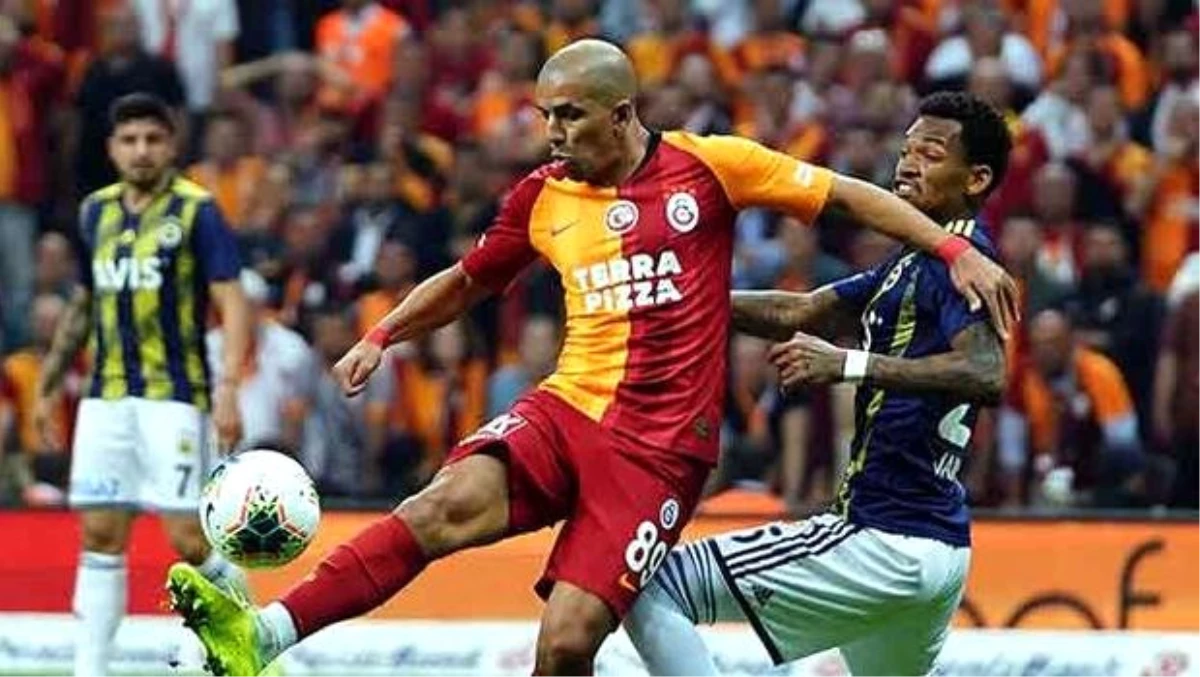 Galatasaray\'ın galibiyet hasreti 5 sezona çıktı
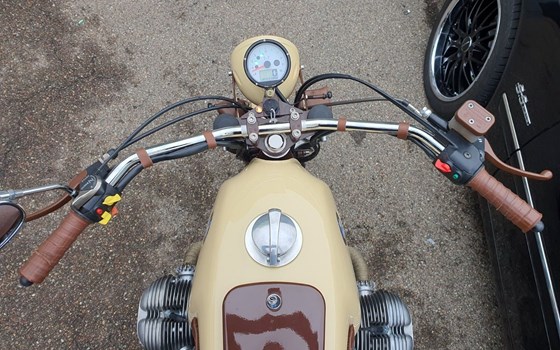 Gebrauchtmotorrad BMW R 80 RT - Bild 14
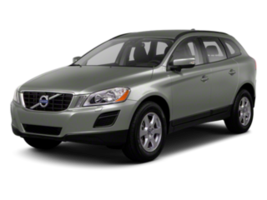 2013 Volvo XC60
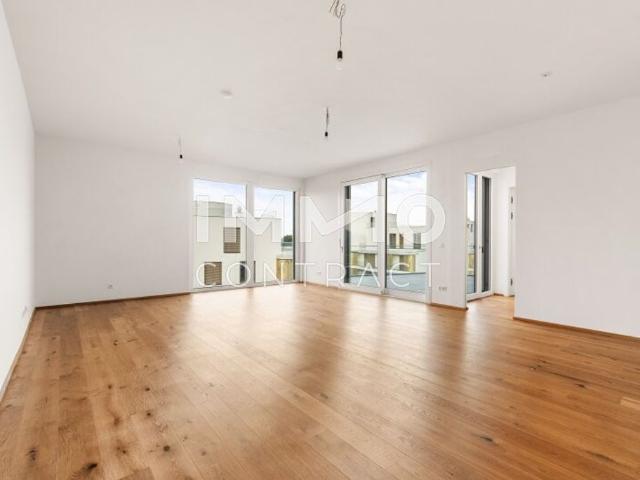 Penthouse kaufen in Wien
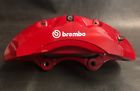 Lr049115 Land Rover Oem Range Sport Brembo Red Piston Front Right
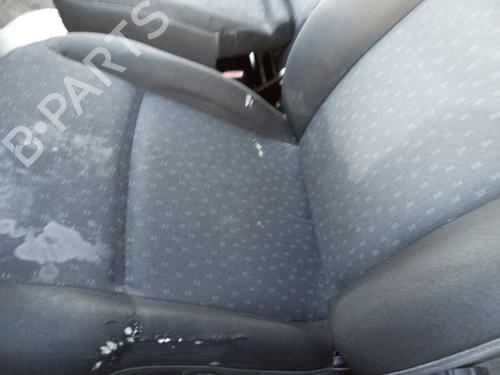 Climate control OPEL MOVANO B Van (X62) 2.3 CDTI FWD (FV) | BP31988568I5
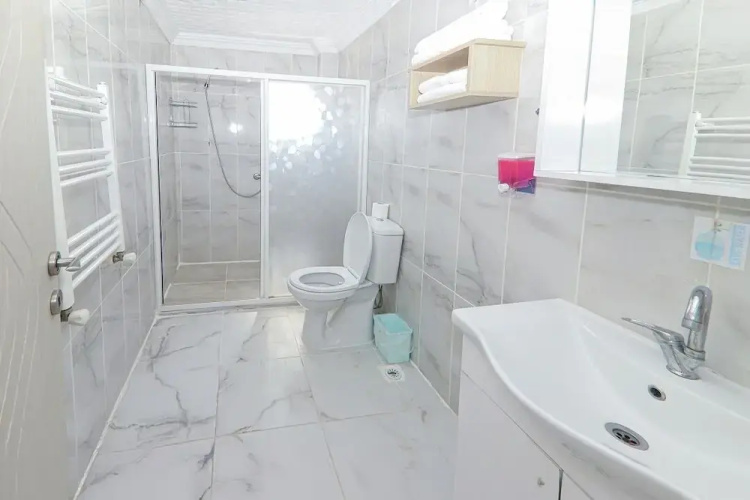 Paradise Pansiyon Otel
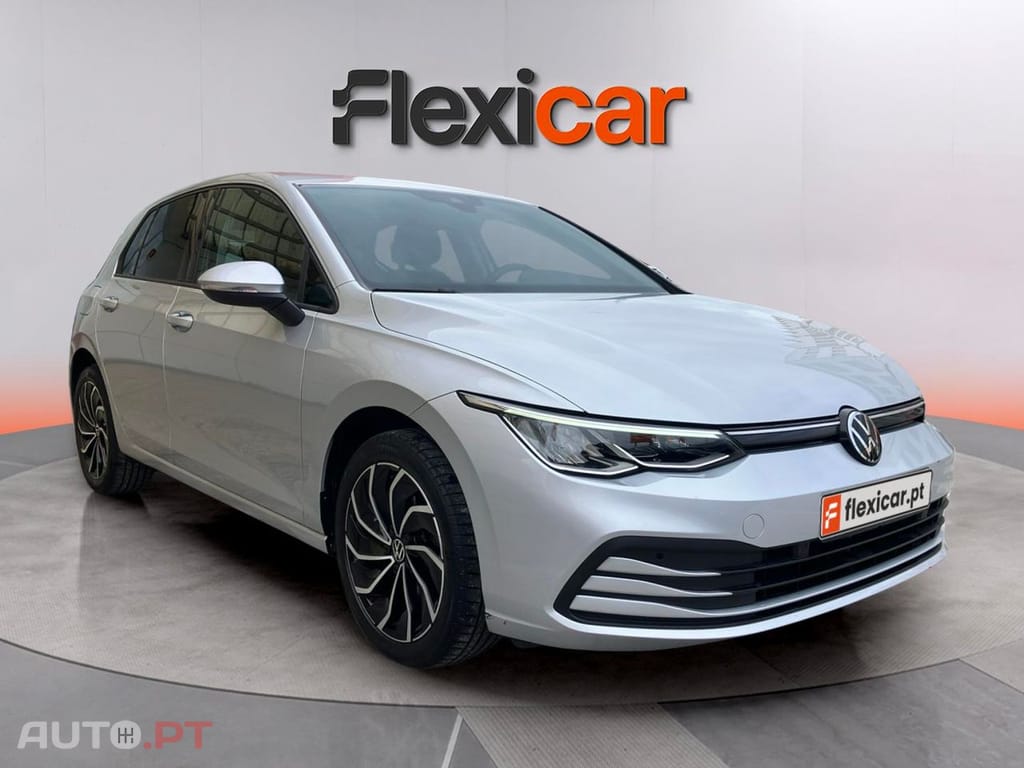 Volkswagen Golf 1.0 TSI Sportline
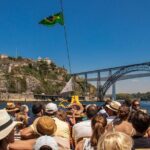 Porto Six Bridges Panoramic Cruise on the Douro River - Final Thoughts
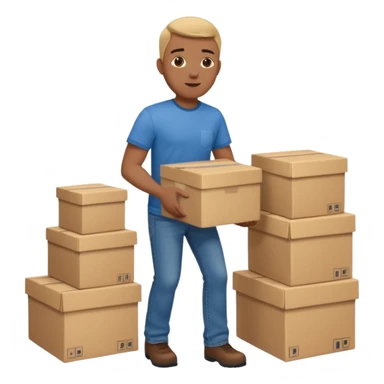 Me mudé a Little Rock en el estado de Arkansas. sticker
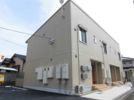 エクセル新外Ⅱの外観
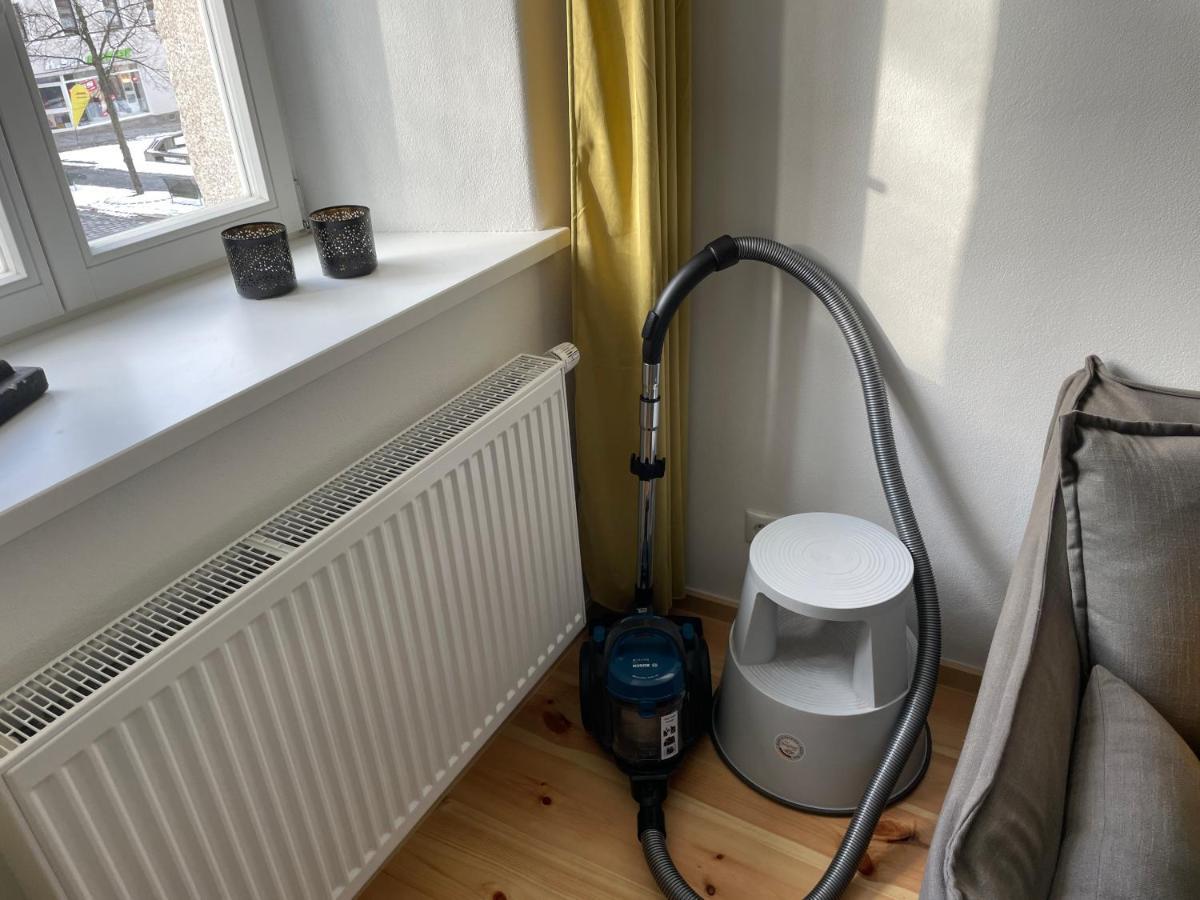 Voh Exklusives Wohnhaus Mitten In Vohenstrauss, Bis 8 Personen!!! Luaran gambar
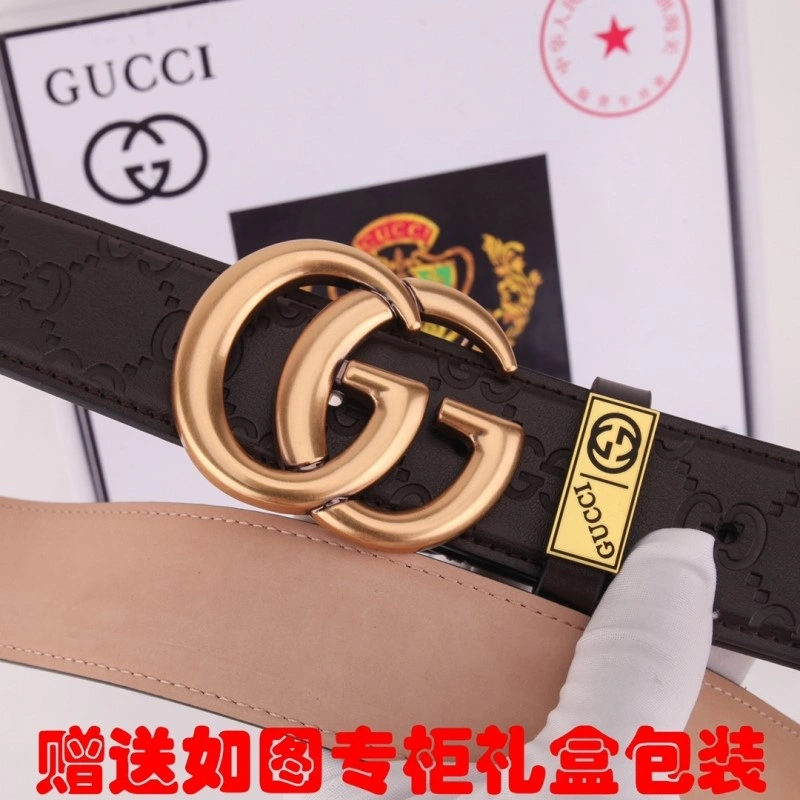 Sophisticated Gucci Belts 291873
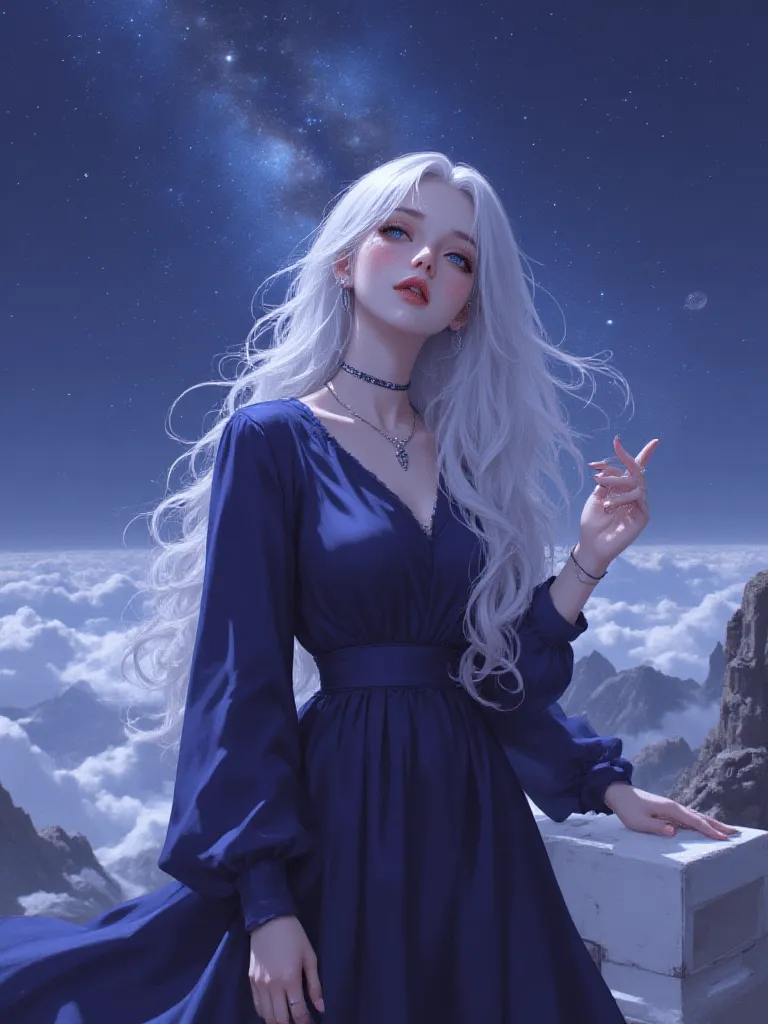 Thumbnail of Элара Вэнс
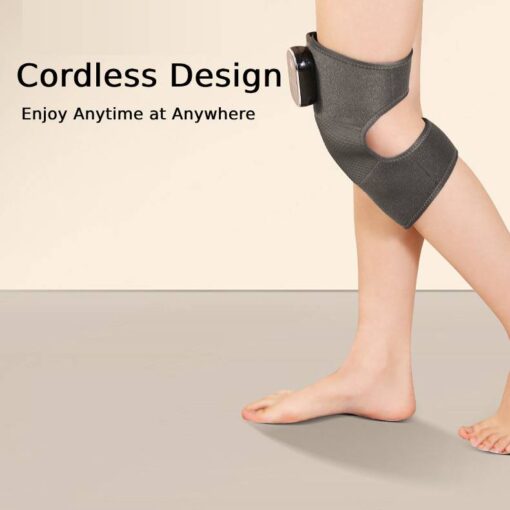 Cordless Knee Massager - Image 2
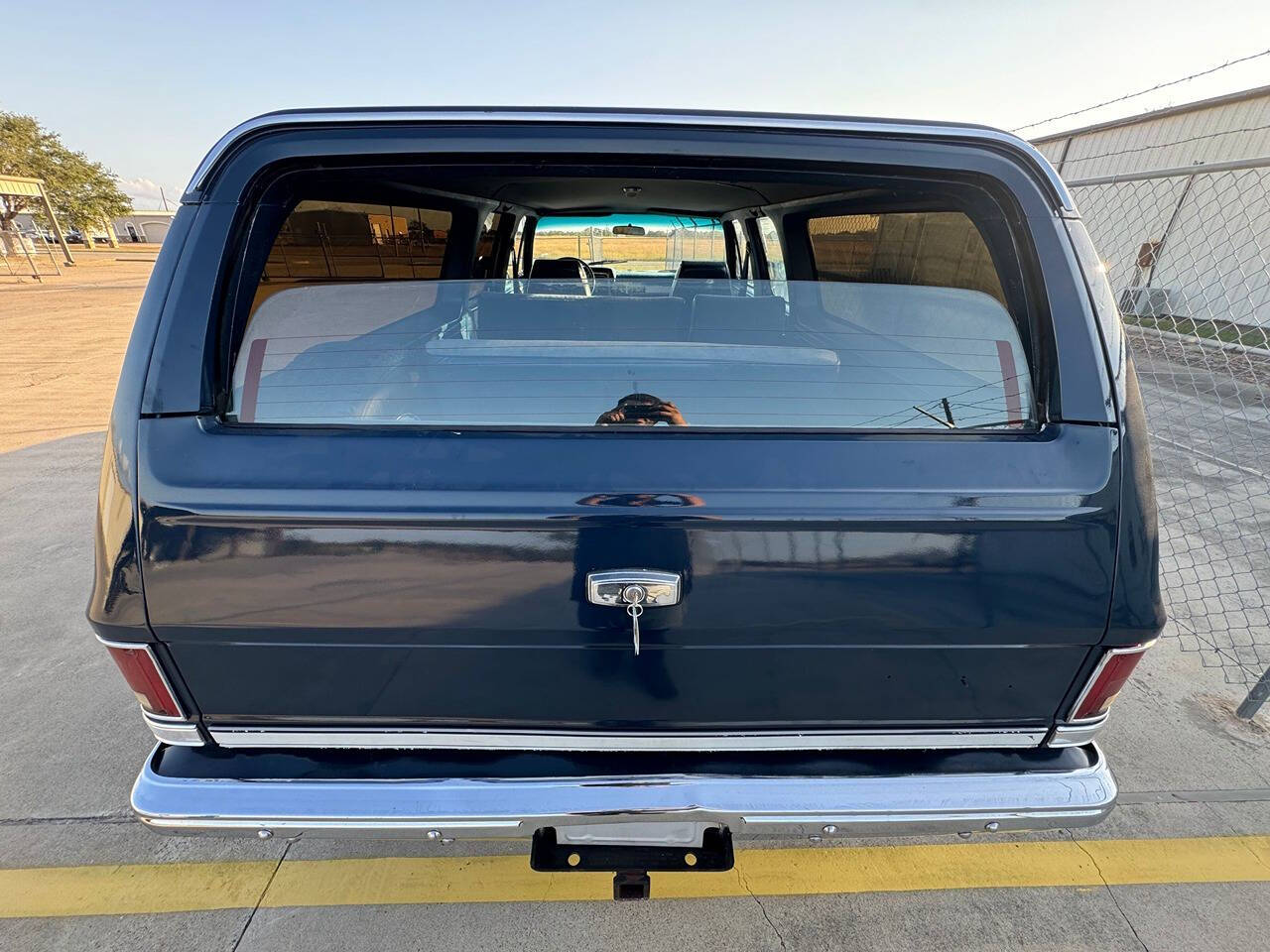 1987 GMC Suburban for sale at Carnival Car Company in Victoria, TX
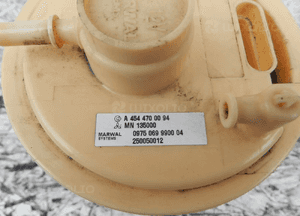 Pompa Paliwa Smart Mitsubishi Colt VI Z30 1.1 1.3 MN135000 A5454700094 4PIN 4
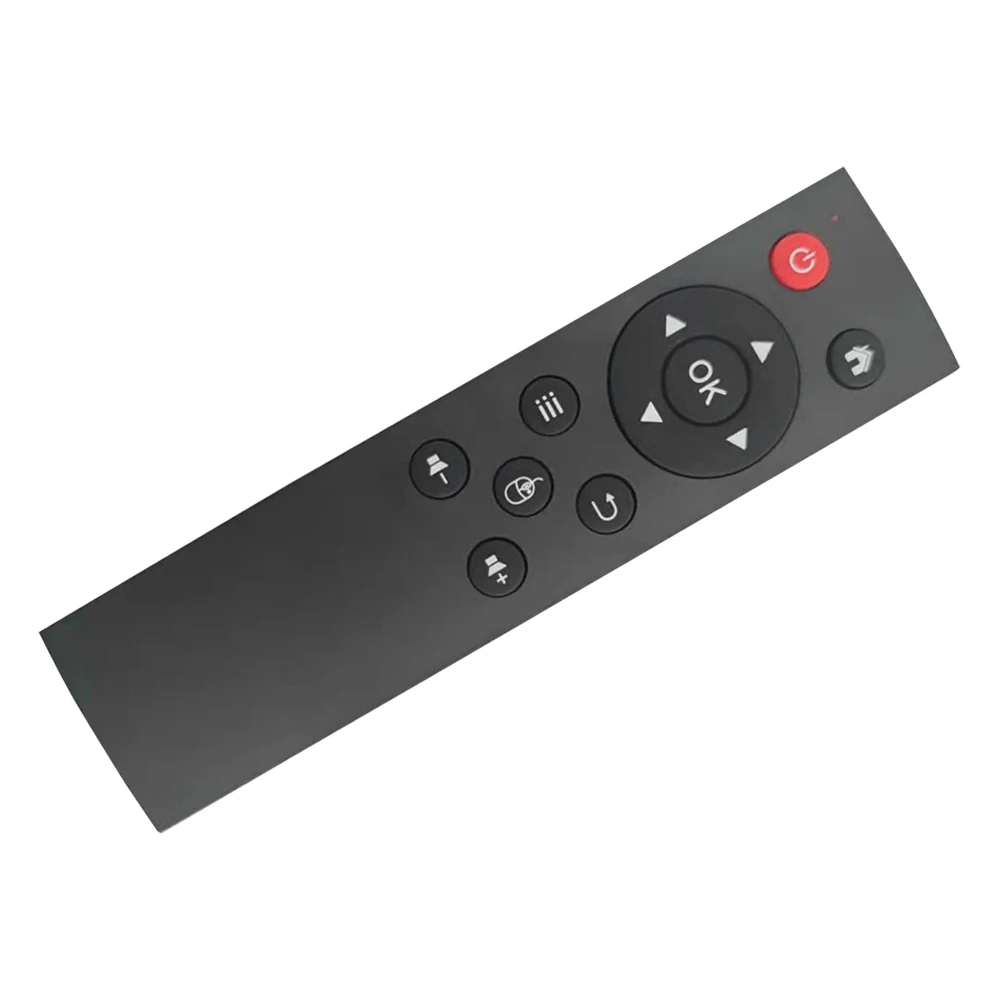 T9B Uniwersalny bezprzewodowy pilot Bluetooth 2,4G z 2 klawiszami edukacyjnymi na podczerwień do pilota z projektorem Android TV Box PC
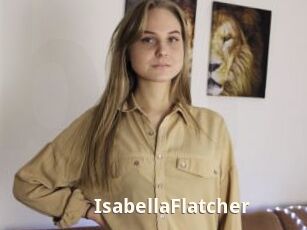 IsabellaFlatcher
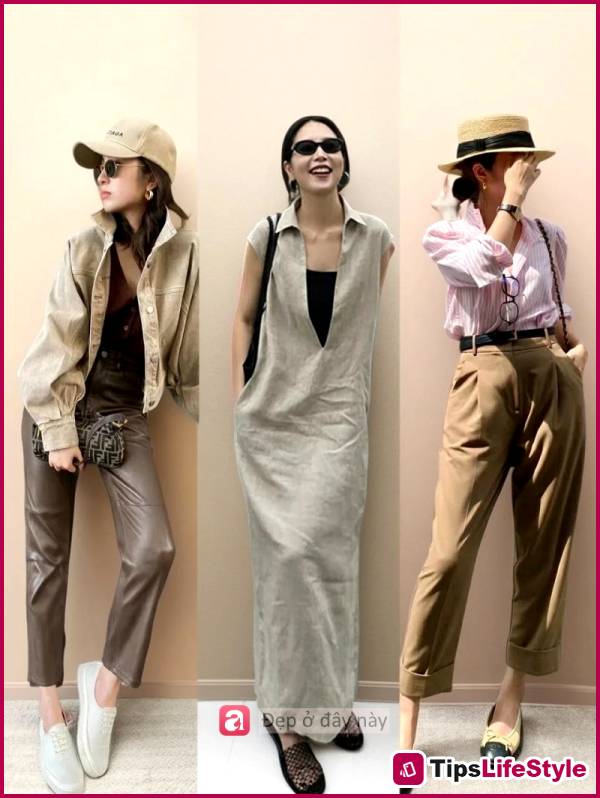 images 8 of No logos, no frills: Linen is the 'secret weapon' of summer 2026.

============

— TASK DIRECTIONS —
Each line from the one containing "Voh Exklusives Wohnhaus" through the last line of the data should be written out exactly. Skip the pictures, and add no other lines.

— SOLUTION TO THE EXERCISE —
 Voh Exklusives Wohnhaus Mitten In Vohenstrauss, Bis 8 Personen!!! Luaran gambar
 Sophisticated Gucci Belts 291873
 Thumbnail of Элара Вэнс
 Cordless Knee Massager - Image 2
 1987 GMC Suburban for sale at Carnival Car Company in Victoria, TX
 Pompa Paliwa Smart Mitsubishi Colt VI Z30 1.1 1.3 MN135000 A5454700094 4PIN 4
 T9B Uniwersalny bezprzewodowy pilot Bluetooth 2,4G z 2 klawiszami edukacyjnymi na podczerwień do pilota z projektorem Android TV Box PC
 IsabellaFlatcher
 images 8 of No logos, no frills: Linen is the 'secret weapon' of summer 2026.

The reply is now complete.